Paris is not perfect. But we do by and large give it five stars, 90 or more points, and a fine arts museum-like standing even though we realize there are some imperfections. The most imperfect of these imperfections has always been, in my some 40 year love affaire with the city, the Tour Montparnasse. It’s ugly, and its ugly reach extends far out into the surrounding 15th. arrondissement. Only one good thing is commonly said about the Tour, that the view from the top is the most beautiful in Paris, because it is the only place from which the tower itself cannot be seen.
When the nearly 700-foot Tour Montparnasse (center) was completed in 1973, it was considered such a blight on Paris’s historic skyline that the city instated height restrictions on all future buildings. The office tower, designed by Eugène Beaudouin, Urbain Cassan and Louis Hoym de Marien, is the rare destination from which tourists can view the city unmolested by its own dark, Modernist presence.

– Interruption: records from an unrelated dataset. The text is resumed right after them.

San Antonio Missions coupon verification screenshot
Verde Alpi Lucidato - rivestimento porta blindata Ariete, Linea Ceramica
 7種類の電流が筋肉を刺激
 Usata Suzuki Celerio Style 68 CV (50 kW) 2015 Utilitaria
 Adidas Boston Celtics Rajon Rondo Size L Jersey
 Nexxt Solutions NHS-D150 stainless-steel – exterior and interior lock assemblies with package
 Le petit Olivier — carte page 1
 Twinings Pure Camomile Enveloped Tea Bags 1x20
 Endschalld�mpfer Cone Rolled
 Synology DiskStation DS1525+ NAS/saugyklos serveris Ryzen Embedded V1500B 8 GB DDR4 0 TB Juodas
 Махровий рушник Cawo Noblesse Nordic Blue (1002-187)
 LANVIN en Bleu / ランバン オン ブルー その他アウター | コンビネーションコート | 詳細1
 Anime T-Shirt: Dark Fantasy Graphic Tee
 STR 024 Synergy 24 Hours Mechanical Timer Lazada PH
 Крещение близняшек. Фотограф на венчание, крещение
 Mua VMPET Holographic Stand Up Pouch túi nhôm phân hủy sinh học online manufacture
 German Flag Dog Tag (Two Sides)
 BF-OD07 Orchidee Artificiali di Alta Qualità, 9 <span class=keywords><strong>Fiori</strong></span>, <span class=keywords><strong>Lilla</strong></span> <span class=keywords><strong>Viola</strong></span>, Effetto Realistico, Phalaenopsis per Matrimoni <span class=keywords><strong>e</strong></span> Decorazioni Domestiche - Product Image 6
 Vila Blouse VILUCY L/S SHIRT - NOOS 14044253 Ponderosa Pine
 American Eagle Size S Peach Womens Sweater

Now into this situation steps DANIEL LIBESKIND, who, along with six other leading architects, writes in today’s Times in defense of the world’s most hated buildings. Here is Libeskind on the Tour Montparnasse:
“It’s legendary for being the most hated building in Paris. I want to defend it not because it’s a particularly beautiful tower, but because of the idea it represents. Parisians panicked when they saw it, and when they abandoned the tower they also abandoned the idea of a high-density sustainable city. Because they exiled all future high rises to some far neighborhood like La Défense, they were segregating growth. Parisians reacted aesthetically, as they are wont to do, but they failed to consider the consequences of what it means to be a vital, living city versus a museum city. People sentimentalize their notions of the city, but with the carbon footprint, the waste of resources, our shrinking capacity, we have no choice but to build good high-rise buildings that are affordable. It’s not by coincidence that people are going to London now not just for work but for the available space. No young company can afford Paris. Maybe Tour Montparnasse is not a work of genius, but it signified a notion of what the city of the future will have to be.”
(Daniel Libeskind recently completed work on Vitra, a luminous, 16-story residential tower in São Paulo, Brazil.)